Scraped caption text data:

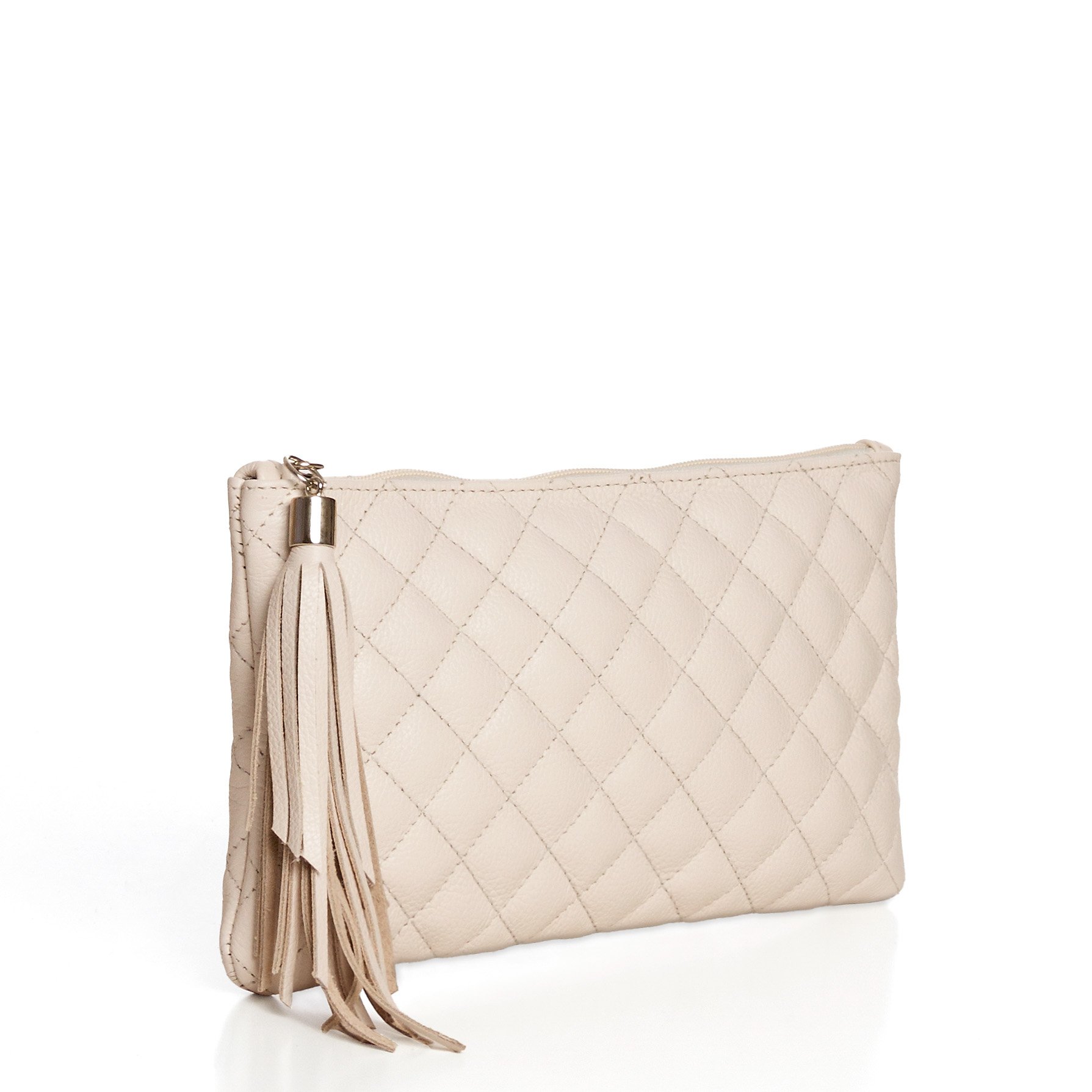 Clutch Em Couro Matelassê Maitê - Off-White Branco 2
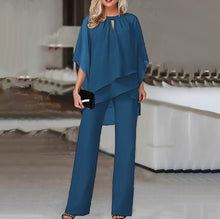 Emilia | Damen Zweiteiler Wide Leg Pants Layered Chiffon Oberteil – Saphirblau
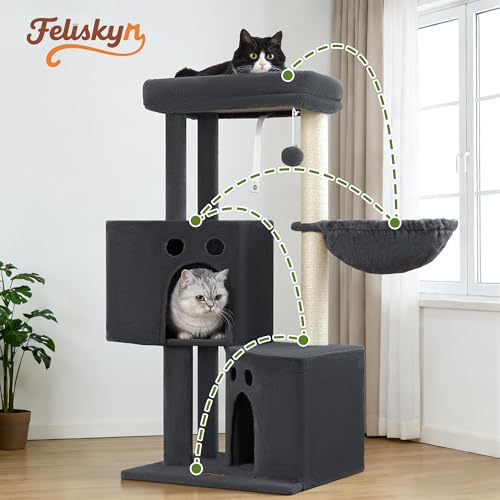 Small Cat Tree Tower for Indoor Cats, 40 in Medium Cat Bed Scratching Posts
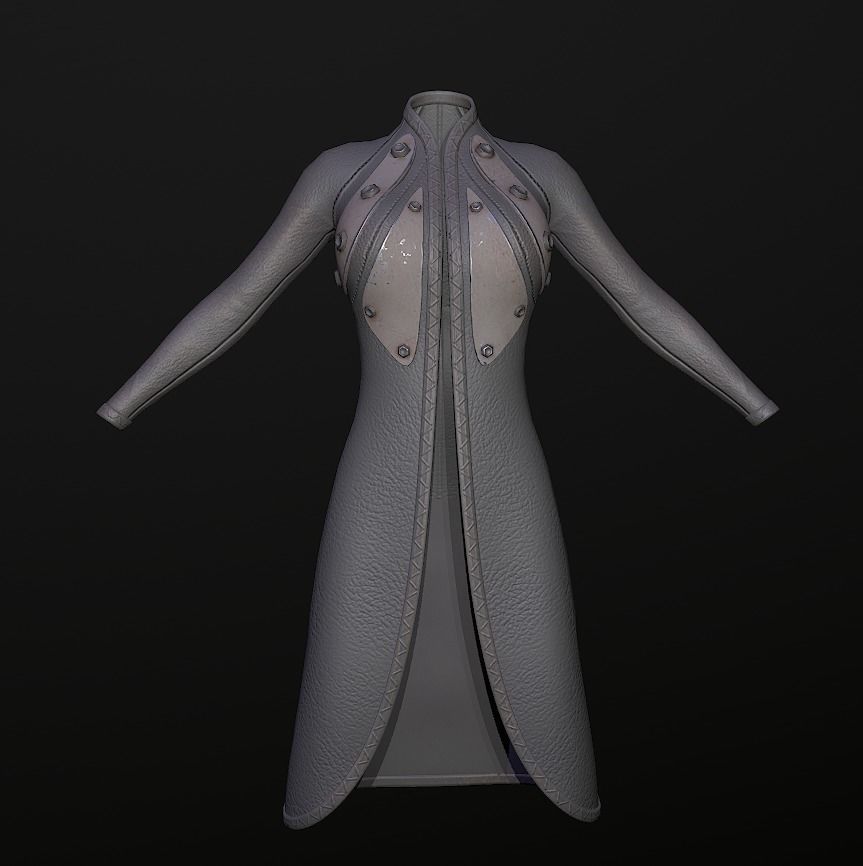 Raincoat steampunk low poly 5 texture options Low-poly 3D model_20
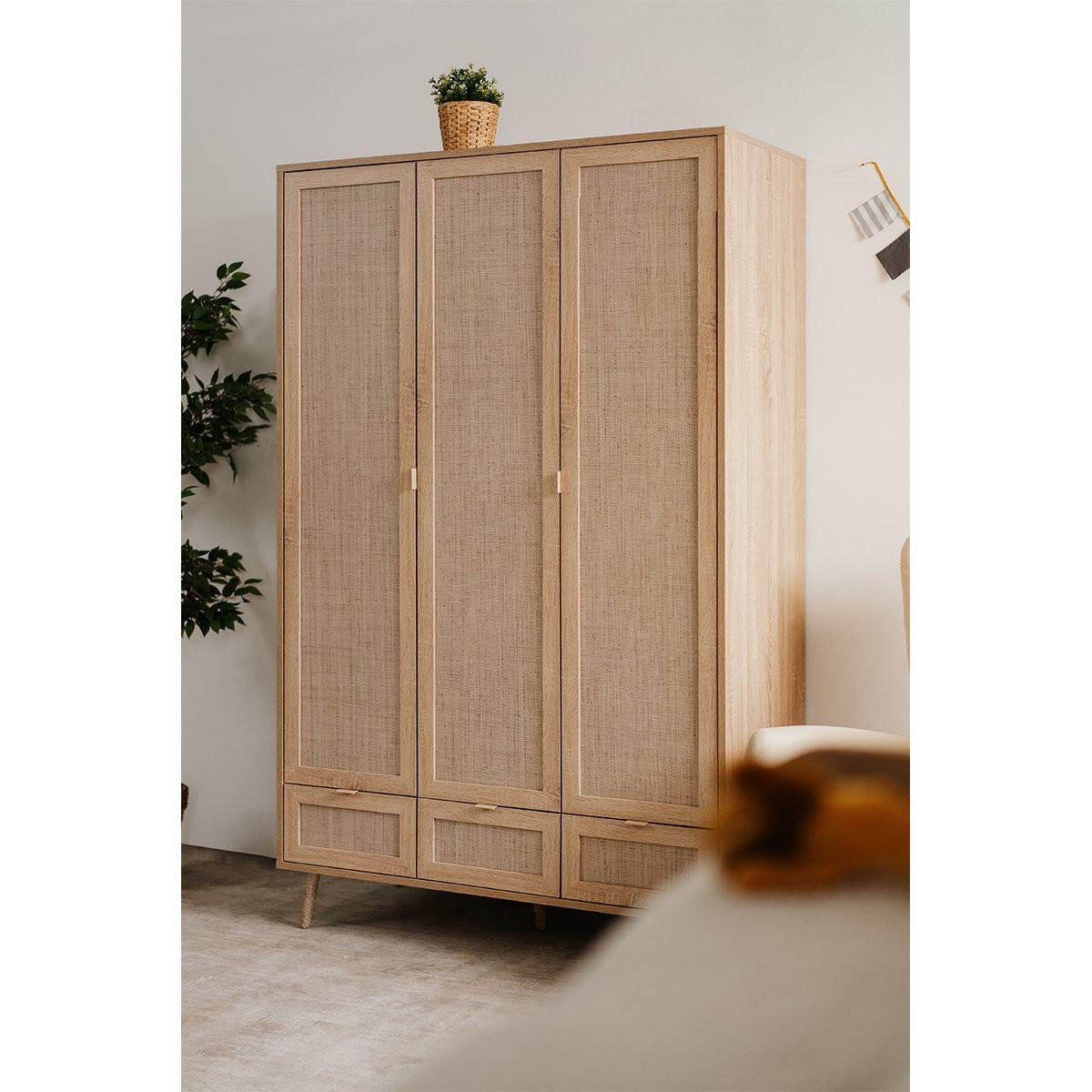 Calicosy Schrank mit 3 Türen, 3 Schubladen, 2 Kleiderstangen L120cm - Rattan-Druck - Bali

» **Work to be completed**
Give back every record exactly, dropping its pictures.

» **Solution for this exercise**
 Clutch Em Couro Matelassê Maitê - Off-White Branco 2
 Emilia | Damen Zweiteiler Wide Leg Pants Layered Chiffon Oberteil – Saphirblau
 Small Cat Tree Tower for Indoor Cats, 40 in Medium Cat Bed Scratching Posts
 Raincoat steampunk low poly 5 texture options Low-poly 3D model_20
 Calicosy Schrank mit 3 Türen, 3 Schubladen, 2 Kleiderstangen L120cm - Rattan-Druck - Bali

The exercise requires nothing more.